Aujourd’hui c’est le Crédit Agricole. Leur dernière campagne fait débat, et il y a de quoi. J’ai vraiment du mal à comprendre comment on peut en arriver à ce genre d’absurdité. Et surtout que les créateurs de cette campagne puissent imaginer un seul instant que le message passera auprès des téléspectateurs. 
       

Attention, préparez-vous c’est du lourd:

L’ancien James Bond devient le porte-parole de la banque avec pour objectif de faire découvrir la banque en Europe, Asie, et au Moyen-Orient. Sean Connery, sur un ton grave, sur fond de film à sensation, dénonce les dérives d’un monde pollué, la consommation standardisée en supermarchés… Le monde est devenu un chaos et le Crédit Agricole est bien sûr la banque qui permet, en un coup de baguette magique, de laisser place à un monde meilleur et responsable: « Back to common sense, it’s time for greenbanking ». Strictement aucun argument sur la prise de responsabilité de la banque, un film en 3D avec des images à sensation leur a paru être quelque chose de plus efficace.

Heureusement que de nouvelles règles sont censées être apppliquées depuis le 1er Octobre 2009, et que l’ARPP veille au grain! Ces règles de bon sens exigent 2 principes très simples :

– ne pas représenter des comportements contraires aux recommandations du développement durable, 

– ne pas induire en erreur sur la portée de la performance de développement durable du produit ou service vanté.
Que fout l’ARPP??!!!

Le Crédit Agricole a également concocté, en plus des 3 spots TV, une page Internet dédiée à la nouvelle greenbanking au cas où on n’aurait pas bien compris! Et puis d’ailleurs je n’avais pas bien compris, car finalement ils en ont des argument. D’abord, le banque nous donne ses actions de greenbanking: un financement de projets responsable, une gestion d’actifs engagée, soutenir les énergie de substitution… Je ne suis pas trop allée fouiller , alors on va accepter ces arguments. Car la suite est quand même très cocasse, je ne voudrais pas vous embêter avec des détails.

Deuxième argument, le Crédit Agricole « est une des premières banques à avoir tiré des leçons de la crise pour se réorganiser, exclusivement au service de ses clients et de l’économie réelle« . La bonne blague, je ne m’étale même pas sur le sujet je vais m’énerver.

 Et le meilleur pour la fin: ayant adopté le vert comme couleur identitaire, la banque est appelée « la banque verte » par les médias: « Pour le Crédit Agricole, le vert n’est pas qu’une couleur ou une tendance, c’est une donnée stratégique et des valeurs« . Toutes les marques qui ont la chance d’avoir un peu de vert dans leur logo vont donc pouvoir se positionner comme étant responsables! Pratique!
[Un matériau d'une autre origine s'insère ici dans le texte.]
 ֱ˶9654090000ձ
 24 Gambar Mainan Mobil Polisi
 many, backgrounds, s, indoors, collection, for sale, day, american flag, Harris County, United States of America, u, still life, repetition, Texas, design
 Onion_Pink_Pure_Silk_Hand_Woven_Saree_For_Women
Le site Internet de Stratégies a ouvert un débat au sujet de cette campagne (pour l’instant je trouve les participants bien gentillets):

Alors, greenbanking ou greenwashing ? Sur quelle légitimité ou actions responsables notoires s’appuie l’entreprise pour tenir un tel discours ? Etre baptisée « banque verte », en référence à ses origines agricoles, suffit-il ? Doit-on bannir une entreprise qui s’achète une image responsable ou louer la prise de conscience d’une banque qui tire les leçons de la crise en misant sur la croissance verte ? Le débat est ouvert. 

Je ne regardai plus jamais James Bond de la même façon… ou je ne regarderai plus jamais James Bond (tout court).